Application of Oxidase Test

• It is used to differentiate the Enterobacteriaceae group which is oxidase-negative from other Gram-negative rods which are oxidase-positive.
• Non-fermenting Gram-negative rods like Pseudomonas aeruginosa are identified quickly because these organisms show strong oxidase activity.
• Neisseria and Moraxella species are identified by this test as these cocci give oxidase-positive reaction while Staphylococcus and Streptococcus are oxidase-negative.
• Curved rods like Vibrio cholerae, Campylobacter and Helicobacter are detected because these organisms show positive oxidase reaction.
• Some other genera like Aeromonas, Alcaligenes, Brucella and Pasteurella are also recognized due to their oxidase-positive nature.
• It is used for Gram-positive cocci where Micrococcus species is oxidase-positive while Staphylococcus species is oxidase-negative.
• A modified oxidase test is used with DMSO solution for distinguishing Micrococcus from Staphylococcus.
• It can help in the study of yeasts where Candida, Saccharomyces and Torulopsis show different oxidase reactions depending on the medium used.

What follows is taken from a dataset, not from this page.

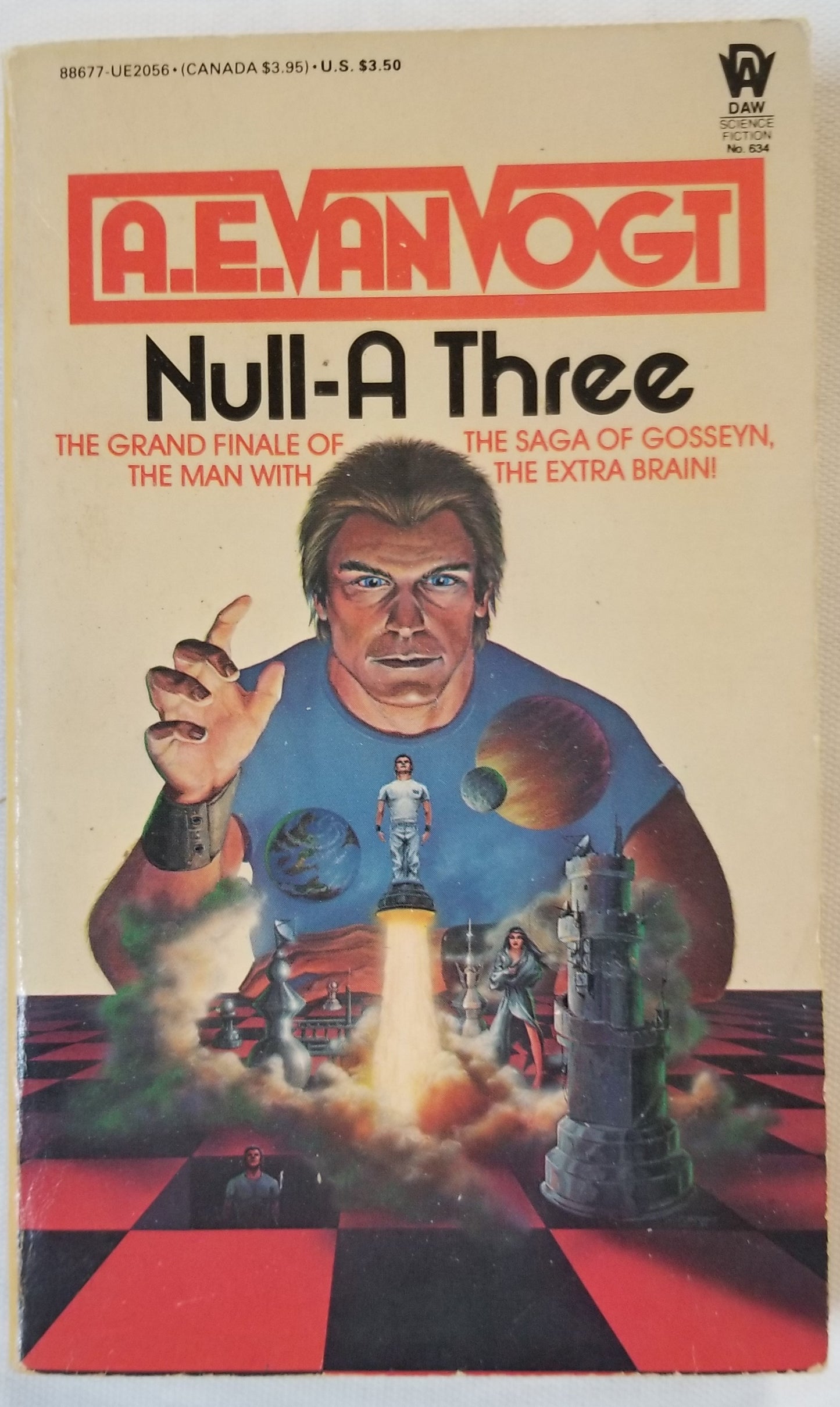 Null-A Three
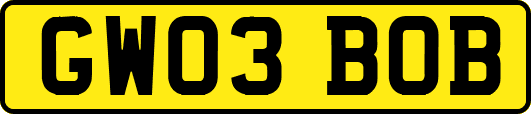 GW03BOB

Limitations of Oxidase Test

• The oxidase reagent is chemically unstable and it is easily auto-oxidized by light, heat or air which causes false-positive reaction.
• The reagent must be freshly prepared and stored in dark bottles because old reagent turns blue on its own.
• Iron containing loops like nichrome or steel are not used as these metals oxidize the reagent chemically and give false-positive results.
• Only inert loops like platinum, plastic or wooden sticks are suitable for transferring colonies.
• Colonies from media with high glucose concentration may show false-negative reaction because oxidase activity is suppressed.
• Media containing dyes like MacConkey or EMB are not used since these dyes interfere with the colour development.
• Old cultures do not show proper enzyme activity and these can give false-negative results.
• The colour change must be read within the fixed time because colour after that time is due to reagent oxidation in air.
• The reagent kills the organisms so the colonies tested cannot be used again for further culture or tests.
• This test is only a screening tool because it cannot identify an organism completely and further biochemical tests is needed.